Secret Sunshine, 2h22min. (Chang-dong Lee, 2007): 5/5

Zeroing in on this idea of a “novelistic” movie, here our heroine moves through the widest possible range of emotions and situations—which demonstrably changes her fundamental attitude toward her life and being alive, multiple times. Unlike so many movies focusing on female pain, her character remains active. Doing things (even if they are self-destructive and meaningless) seems powerful and hopeful—in fact pretty much the essence of the human condition. And Lee is smart to also include a more “basic” character to always ground her suffering in dumb joy and hope. 


Our Time, 2h57min. (Carlos Reygadas, 2018): 2/5

Not novelistic. Lots of beauty here but in its bagginess, indulgence and dissipation, the work it reminds me the most of is Inland Empire.
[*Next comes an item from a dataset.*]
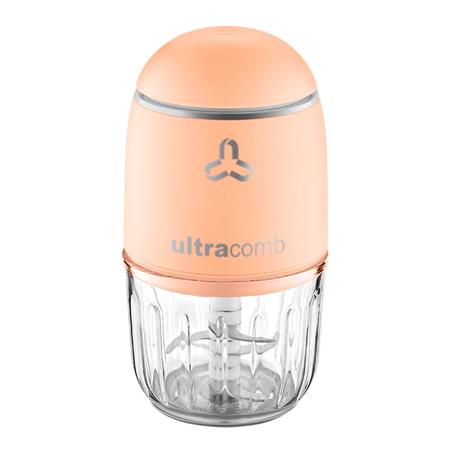 Picadora De Alimentos 200W Bowl de Vidrio Ultracomb PC6802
Sicinski claims this tale of a humiliating open marriage is autobiographical enough to have “removed the frame” to the extent that he wonders whether it is even art (!?). If this is true, it is a true act of Fassbinderian masochism.


My Sex Life…or How I Got Into an Argument, 2h 58min. (Arnaud Desplechin, 1996): 2/5

Not novelistic.  A gabfest chock full of solipsistic characters, very much a la The Mother and the Whore and just as dull. I ask myself whether I would have liked and related to these characters if I was closer to their age, but I believe I would have then been if anything even more puzzled and antagonized by this tone poem of the sexy and self-satisfied. 
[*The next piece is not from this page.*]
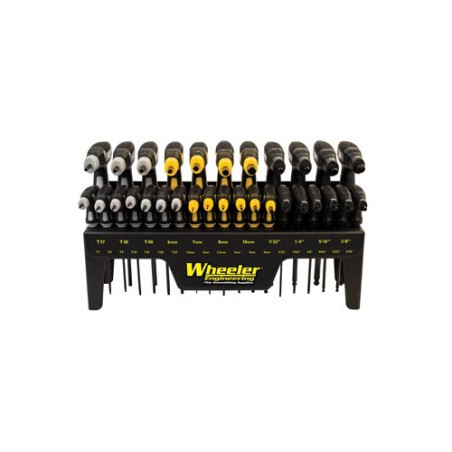 Llaves Hexagonales en kit 30 uni. Wheeler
Once Upon a Time in America, 3h49min. (Sergio Leone, 1984): 3/5

Novelistic. Full of grand and epic street scenes, with 100s of people walking through massive sets or just 40 people casually sitting around. Three time-frames in a dreamy jumble. The kid stuff has a certain Bugsy Malone quality except there’s a lot of 14-year-old prostitution-adjacent content. In fact, the movie is fascinated in general with all possible below-the-belly-button activity, always to embarrassingly dated effect. For example, our fine, handsome and soulful protagonist very certainly commits two screaming, crying rapes. Yippee! To emphasize the grand emotions, the last 30 minutes slows to a deadly, Refn-ish crawl. 


Marketa Lazarová, 2h42min. (Frantisek Vlácil): 2.5/5

Not novelistic. In fact, barely narrative. Hawks, slaughter and miles of mucky pools of standing water in 16th century snow and slush. Do you find Andrei Rublev insufficiently dreamy and incoherent? Then this is the epic for you. 
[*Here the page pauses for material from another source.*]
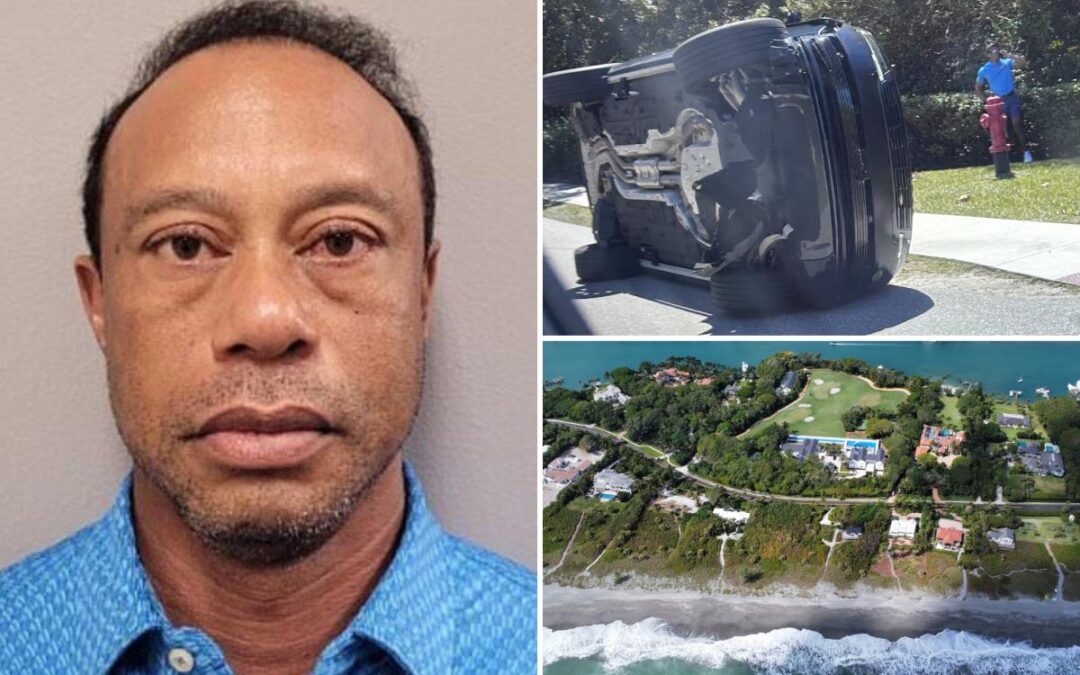 Inside Tiger Woods’ exclusive Florida community — where residents reel from golfer’s DUI crash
Love Exposure, 3h57min. (Sion Sono, 2008): 1.5/5

Not novelistic. A silly, broad, adolescent sex comedy. This was something of a sensation in Japan, which doesn’t speak well for the country and its future. 


Margaret, 2h58min. (Kenneth Lonergan, 2011): 4/5

Novelistic. Addressing a complex moral problem (ones own responsibility for and contribution to the everyday horrors of the world) with many casually real scenes, filled with swirling and intense emotions and, at times, great acting. Also on some level a portrait of a divisive post-911 NYC. 


1 comment:

  1. I look forward to reading your dissertation on novelistic films! What's the title gonna be? May I suggest, "The Book Was Better...OR WAS IT???" by Justin Scupine, Forward by Jerry Mosher.